Working data:
*** Block opens ***

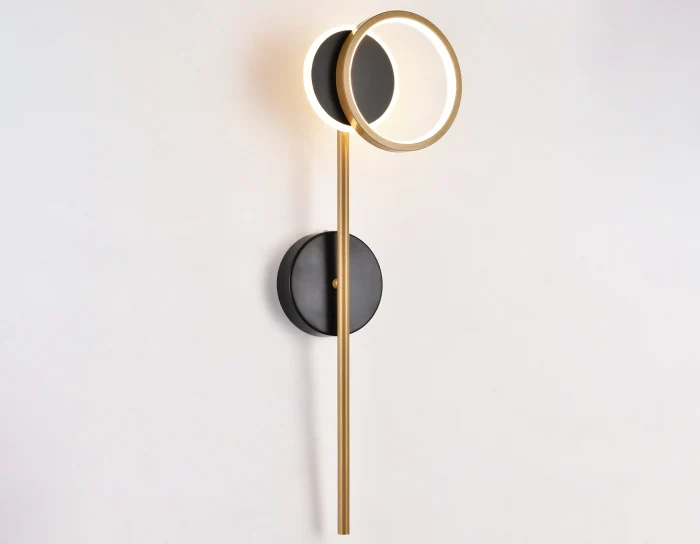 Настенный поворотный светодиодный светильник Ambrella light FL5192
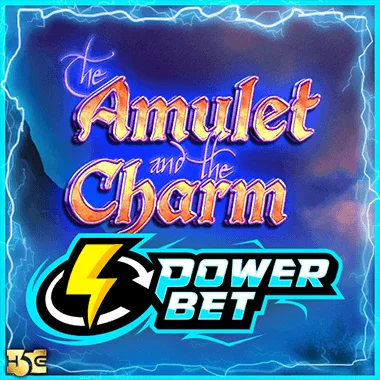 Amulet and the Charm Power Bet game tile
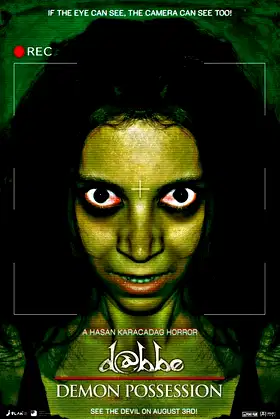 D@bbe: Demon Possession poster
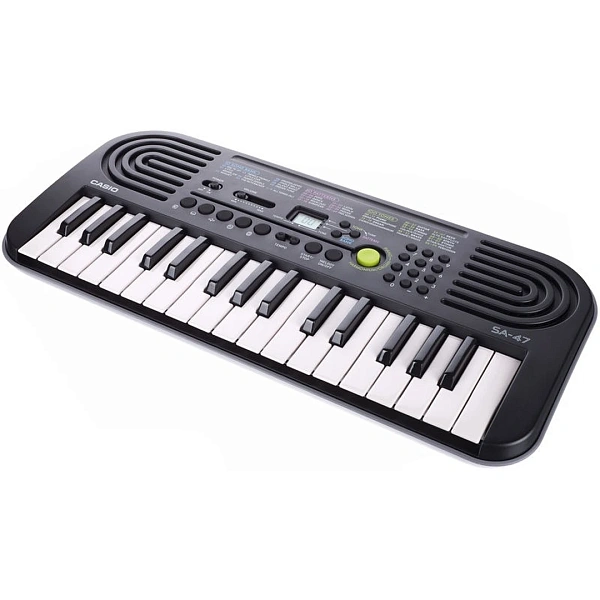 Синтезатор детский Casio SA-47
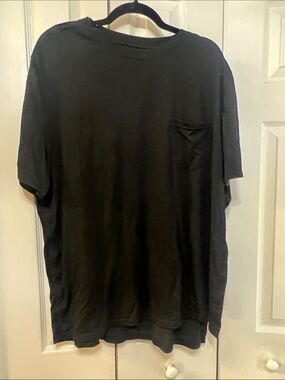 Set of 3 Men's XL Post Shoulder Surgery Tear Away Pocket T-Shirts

*** Block closes ***

What you are asked to do: Your copy of the records above should be exact and contain no pictures.

Task solution:
 Настенный поворотный светодиодный светильник Ambrella light FL5192
 Amulet and the Charm Power Bet game tile
 D@bbe: Demon Possession poster
 Синтезатор детский Casio SA-47
 Set of 3 Men's XL Post Shoulder Surgery Tear Away Pocket T-Shirts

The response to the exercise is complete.